Many aquatic organisms can detect (and many can produce) electrostatic
fields, which they can use for sensing their environment and prey.

"Extraordinary claims require extraordinary proofs."
keesan
response 23 of 314: Mark Unseen   Jan 23 20:19 UTC 1998

Which organisms can detect the magnetic fields?  I read something once about
sea turtles, but I think it was water currents they detected.

To look at the information in a web site, if you are a beginner (like I am),
try from the grex prompt typing lynx name-of-web-site (the latter meaning type
in the name of the web site, it seems to work if you start after the www.).
It should be self-explanatory after that, or write me for basic help.  And
Valerie said you don't really have to be a member to do this.

Has anyone actually viewed the program on dowsing?  Someone was going to
record it for me, since I don't have a TV.  (You can watch videos with a VCR
and the right kind of monitor, color or monochrome).  What do you think of
it?  Has anyone read the posted articles?
keesan
response 24 of 314: Mark Unseen   Jan 23 21:26 UTC 1998

To answer some of my own questions, I used lynx altavista for the following
info:
1.  +dowsing + electromagnetism gives 16 documents.  At 
www.iufog.org/zines/cw/cw_17/cw17e.html is a book review of Tom Williamson's
Dowsing, New Light on an Ancient Art, 219 pp.  The author studied geology and
worked in climatology.  He father dowsed for a living.  He is a scientific
skeptic who debunks quite a bit but still believes in the subject.  Chapter
4 discusses possible reasons why dowsing works.  It may be based on ultrasonic
vibrations, electromagnetism or fault zones.

"animal navigation" brought me:

Sci Am Sep 23 97 at www.sciam.com/askexpert/biology/biology13.html
Ask the expert responds to a query about the Human Homing Instinct.  Many
insects, birds and reptiles have a magnetic compass sense, but the evidence
for humans is inconclusive.  The probably navigative more like rats, which
have a head direction sense and also depend on environmental clues.

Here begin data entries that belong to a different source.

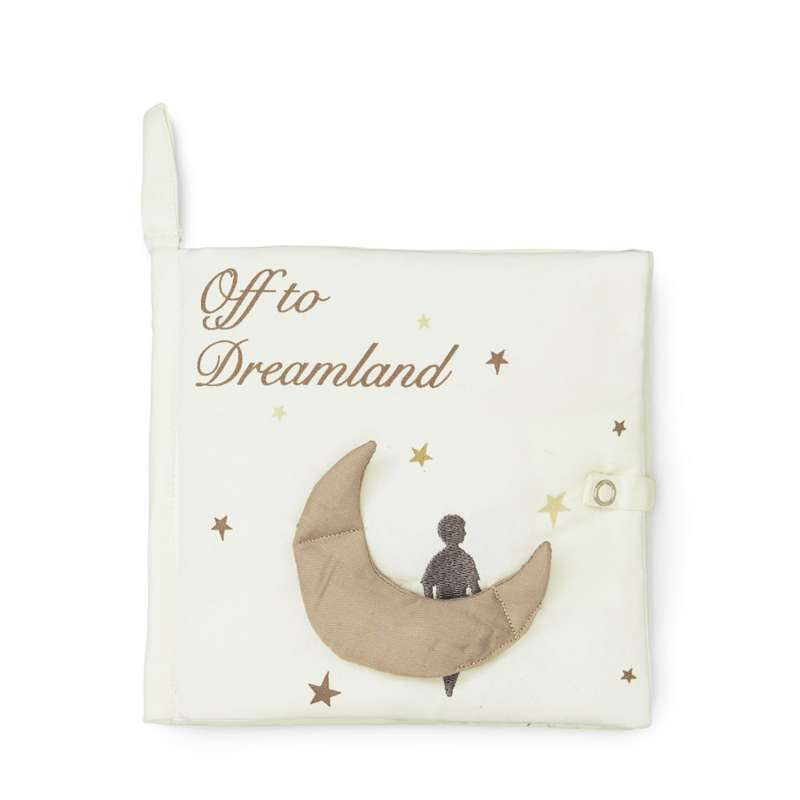 Stofbog Dreamland fra Cam Cam Copenhagen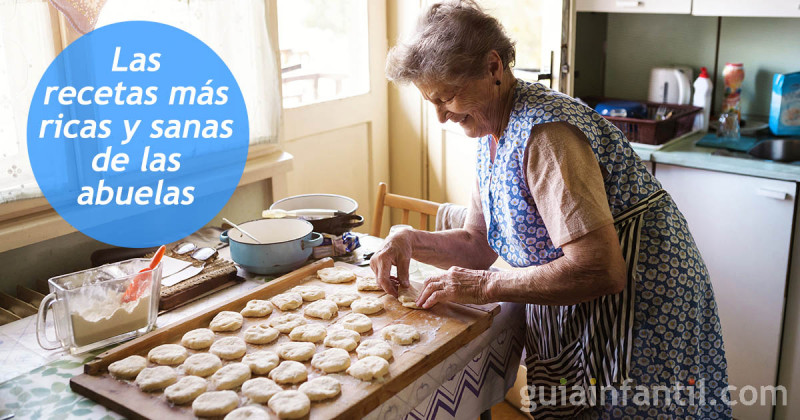 Pollo Al Ajillo Receta De La Abuela 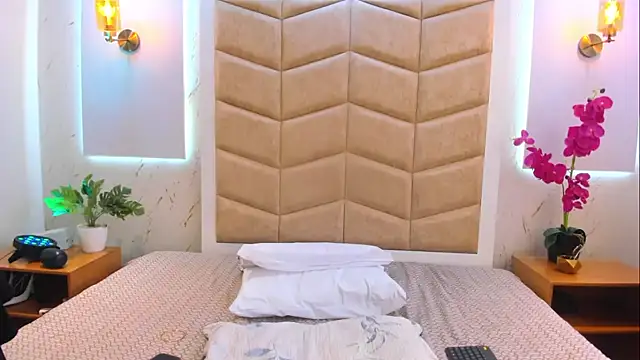 JanexHope online show from 16, 11, 2025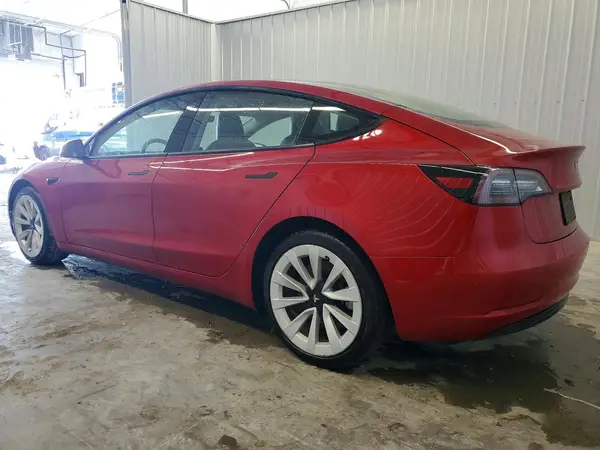 5YJ3E1EA7PF433929 2023 TESLA MODEL 3 - Image 2
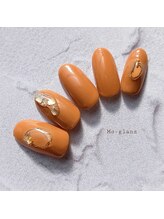 エムオーグランツ(Mo-glanz)/【定額メニュー　シンプル】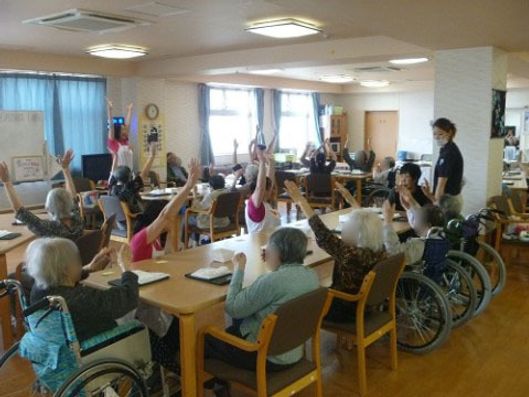 レクリエーション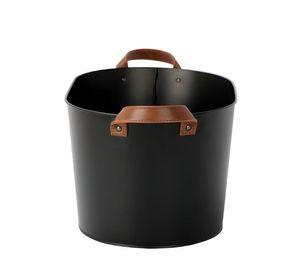 HIELERA METALICA OVALADA WAYU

Animal Magnetism.  The homing and directional abilitieses is at
www.physics.uogue/ph.ca/summer/scor/articles/scor37.html

The heads of pigeons and the bodies of honey bees contain magnetite. In 1980
magnetic bacteria were discovered which contain crystals that they use to tell
up from down, north from south.  (Handy when you have no eyes).
Yellowfin Tuna and Chinnok Salmon have a magnetic sense organ in the head in
the sinus center.  the Bobolink also has magnetitie near the olfactory nereve
and on bristles which when they move slightly the motion is amplified by
twisting of hte nerve cells.

Sensory Mechanisms of Animal Navigation
http://earth.library.pitt.edu/~biohome/faculty/kreithen.html

Homing pigeons whose vision was blocked by frosted goggles can still navigate.
They may use doppler shifts to localize the direction of very long wavelenth
sounds emitted from distant natural acoustic beacons.  (In other words they
can hear very low frequency sounds).  They can also detect ultraviolet.
Bees can see polarized skylight, pigeons may also see it.
Pigeons may be able to detect the very low frequency earth vibrations of
earthquake tremors.  (In China animal reactions have been noted for use in
predicting earthquakes).

Odor plumes are also used for navigation.

Anyway, it is possible that people, or at least other animals, may possibly
be able to detect certain objects by the electromagnetic or sound signals.